Updated at 6:35 p.m. ET

The House has authorized its committee leaders to pursue civil contempt cases to get information for their myriad investigations into President Trump.

Although the vote, 229-191, clears the way for more lawsuits against Cabinet departments, administration officials, bankers, accountants and more, it represented a sidestep from a more aggressive partisan confrontation that might have been.

Leaders in the House had contemplated holding Attorney General William Barr and former White House counsel Don McGahn in contempt of Congress.

Barr would have been only the second attorney general so censured and the rare sitting Cabinet member rebuked in that way. Instead, the resolution that passed on Tuesday simply permitted civil lawsuits against him and McGahn.

All the same, Democrats welcomed what they called a clear path forward to break through what they've called the "stonewalling" by Trump about his finances, business practices and the administration.

"We simply cannot tolerate a posture from the president of the United States ... of noncooperation — of absolute, comprehensive, wholesale defiance of the will of a Congress trying to seek information," said Rep.

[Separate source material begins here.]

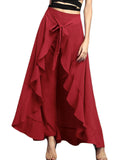 Women's Stylish High Rise Irregular Hem Loose Chiffon Pants Skirts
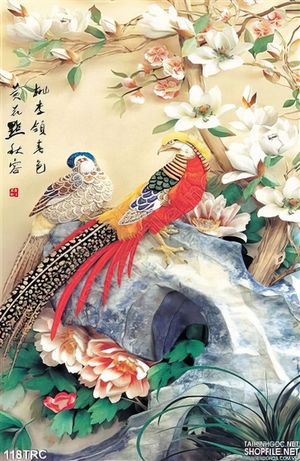 Tranh chim công trang trí phòng ngủ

Jamie Raskin, D-Md.

Raskin described the variety of investigations the House has undertaken, including those in search of Trump's taxes, information about his business practices, his decision to overrule staff objections in the issuance of security clearances, information about the 2020 census and more.

House Speaker Nancy Pelosi, D-Calif., addressed her colleagues during the debate on the resolution.

"We must follow the facts and uncover the truth for the American people," she said.

Last-minute accommodation

The cases identified specifically in the measure passed on Tuesday were those of Barr and McGahn, although House Judiciary Committee Chairman Jerry Nadler, D-N.Y., said he plans to hold off on filing any suit against Barr for now.

That followed an accord announced Monday with the Justice Department that permits Nadler's staff members to gain access to material they'd sought from the Justice Department's Russia investigation.

A department spokeswoman welcomed the agreement and Democrats' decision to take a contempt censure for Barr off the table.

But Nadler said he hasn't ruled out suing Barr down the line if the Justice Department doesn't continue to play ball.

Several other Democrats may decide to file their own lawsuits.

The resolution passed on Tuesday was co-sponsored by the leaders of the House's committees on oversight, foreign affairs, judiciary, ways and means, intelligence and financial services.

The goal — as Rules Committee Chairman Jim McGovern, D-Mass., said in a hearing of his panel on Monday — is for the House to both investigate and keep its calendar clear enough to legislate: "To walk and chew gum at the same time," McGovern said.

The minority scoffs

Republicans, meanwhile, derided what they called the majority's latest political stunt. The legislation isn't even necessary, as the House Judiciary Committee's ranking member, Doug Collins, R-Ga., said on Monday, because the Justice Department is giving Nadler what he wants.

Moreover, Collins and other Republicans said, Democrats are at sixes and sevens trying to sustain the Russia imbroglio long past the point at which Washington and the country have moved on.

"Americans are tired of this witch hunt," said Rep. Debbie Lesko, R-Ariz.

House Judiciary Committee Chairman Jerry Nadler, D-N.Y., speaks to the committee's ranking member, Doug Collins, R-Ga., at a hearing on April 9. Collins argues that Democrats are overstepping by pursuing lawsuits on Mueller report material.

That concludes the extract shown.